Next week BC residents will start to receive voting packages in the mail for the referendum on electoral reform. The BCCLA is excited for this opportunity to shift to a proportional representation system, as it would enhance the influence of each individual vote, something that we called for last year in our ten justice reform priorities for the province. This blog will explain why the three arguments commonly used to argue against proportional representation don’t add up.
Argument #1: Proportional representation will empower extreme fringe parties
In fact: There is no correlation between the proportionality of electoral systems and political party extremism. Though it is true that proportional representation systems have been shown to enable a greater spectrum of ideologies among political parties, that doesn’t translate into extremism, because proportional representation systems also promote public negotiation to enable coalition governments.
Many systems of proportional representation – including all models proposed for BC – require a party to get a certain number of votes (5%) to have any parliamentary seats. This mechanism keeps out extremist parties because they have a harder time passing the threshold.
Plus, first-past-the-post systems do not prevent controversial figures from gaining power through a false majority (i.e. when a candidate or party receives less than 50% of the vote but wins more than 50% of power). Rodrigo Duterte was elected in the Philippines with this system, and his presidency has supported thousands of extra-judicial killings. Or just look south of the border to President Trump, elected using a first-past-the-post approach.
Argument #2: Proportional representation is unfair because it will rob voters of local representatives
In fact: Those opposed to proportional representation claim that if the referendum succeeds, we will no longer have a local MLA to represent our views.
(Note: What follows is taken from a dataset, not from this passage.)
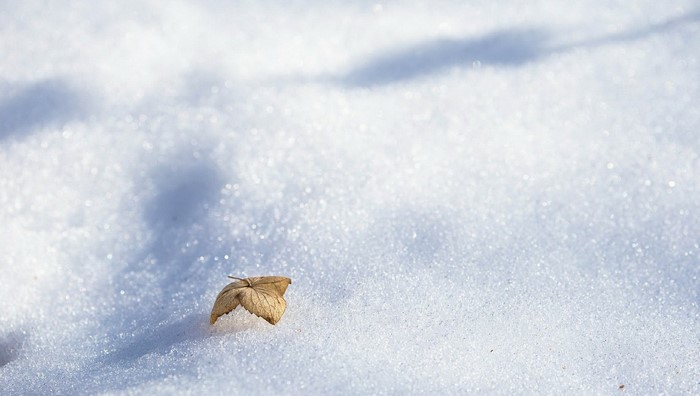A single dry leaf rests on sparkling snow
All three systems proposed for the province, however, are hybrid systems. This means that all potential reform models will continue to ensure that everyone in BC has a local MLA.
Argument #3: Your vote will get lost in the confusion of proportional representation
In fact: Under first-past-the-post, it’s common for more than half the votes to be wasted (because if you do not vote for the front-runner in your riding, then your vote does not count towards electing anyone). With proportional representation, most votes do help elect someone – when your vote doesn’t help elect the front-runner, it can still help elect the second or third most popular candidate.
Bonus Fact: There is an escape clause!
If BC opts for a new proportional system, a second referendum will be held following two election cycles. At that point we will have another opportunity to choose whether to keep that system or revert to the first-past-the-post voting system. So in the unlikely event that we regret adopting the electoral system that most democratic nations use, we can always revert back to the system that we’ve always known. We are wonderfully positioned to give our electoral system a major democratic upgrade, with built in safe guards. We should go for it!